異に落つる日
表と裏、二つの世界が触れ合う日。
数多の物が交じり合い、流れる日。
一瞬の出来事。その一瞬に、世界は、もう一つの世界に、望みを託す。
もう一つの世界の存在に、希望を見出し、願う。
□□□□□□
とある学校の校庭。
そこには動き回るいくつもの影――
そんな中一人の影が集団から大きく飛び出る。
「おいゴウ!そっち行ったぞ!」
「おらよ!任せろお!」
そんな影が大きく足を振りかぶって蹴り飛ばしたボールが
真っ直ぐサッカーゴールへと突き刺さっていった。
「じゃあなあゴウ!また明日なー!」
「おうよ!じゃあな!」
そんないつもの光景を展開しながら、ゆっくりと帰路へとつく。
「なんだ、ゴウくん、また一日中運動してたのー?」
「いいだろ別に。好きなんだから」
「そうは言うけどまた傷まみれだし…。

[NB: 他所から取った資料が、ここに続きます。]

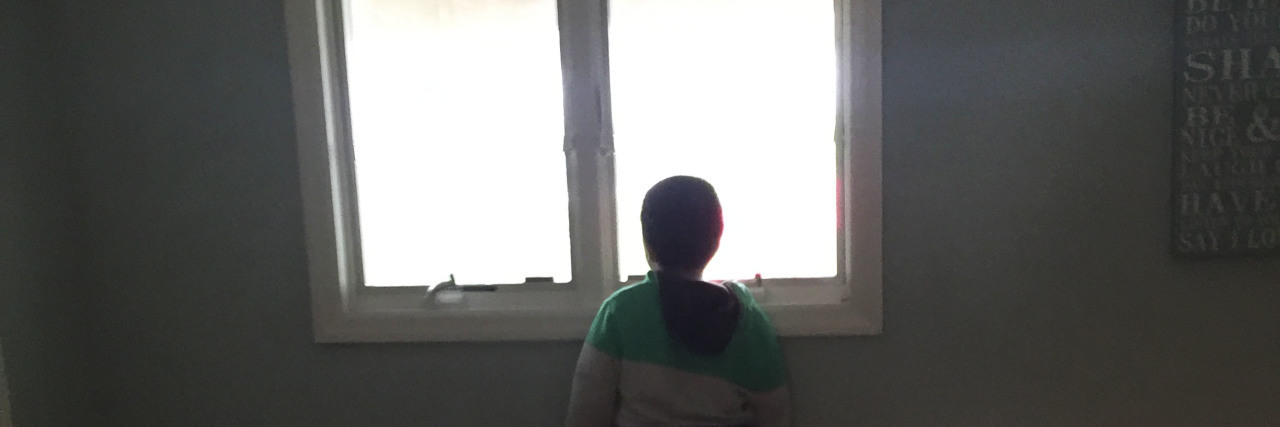 James' son looking out a window.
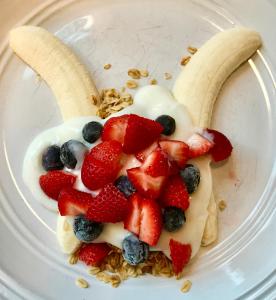 a bowl of a fruit salad with strawberries and blueberries at Goldilocks Bed & Breakfast in Kodiak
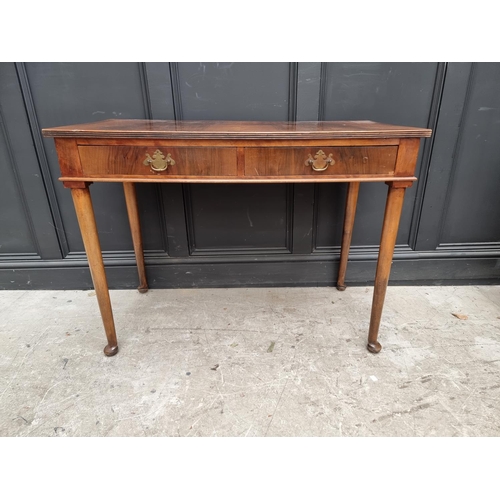 1763 - An Edwardian mahogany two drawer side table, 106cm wide. 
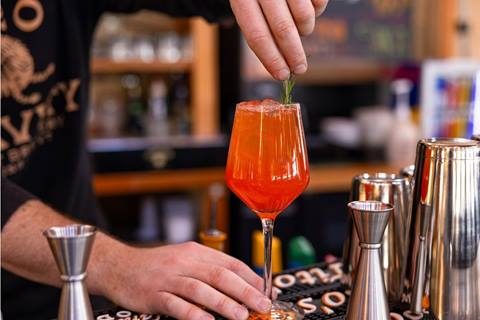bartender garnishing orange cocktail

あれ、絆創膏どこやったっけ…?」
「いいよいいよ。それくらい自分でやるからよ。じゃあな」
横を通りかかった幼馴染とのいつもと変わらぬ挨拶もそこそこに、
俺の家へとたどり着く。
くぁああ…今日も疲れたあぁ…。
そう思いながら、俺、竜也 剛は思いっきりベッドへと身を投げる。
つい先ほど、辺りの光が落ちるまでひたすら学校で運動し、走り回っていたのだ。
さしもの『体力バカ』だの『猿』だの呼ばれて久しい俺も疲れ切っていた。
そうしてそのまま俺の意識はゆっくりと遠のいていく―――
□□□□□□
夢を見た。
俺がとてつもなく長い道を歩いている夢だ。
遥か彼方の光へと俺は駆け出した。
呼ばれている気がしたから―――
現実へと、意識が戻る。
うーん…
太陽光の強烈な光が俺の安眠の邪魔をする。
カーテン閉めた筈なんだがなぁ…
そのまま横にごろりと寝返りをうつ。
ジャリッ
…ジャリッ?
おかしな感触に重い瞼が開いてゆく。
そこにあったのは俺のベッドでも俺の部屋でもない。
炎天下の森だった。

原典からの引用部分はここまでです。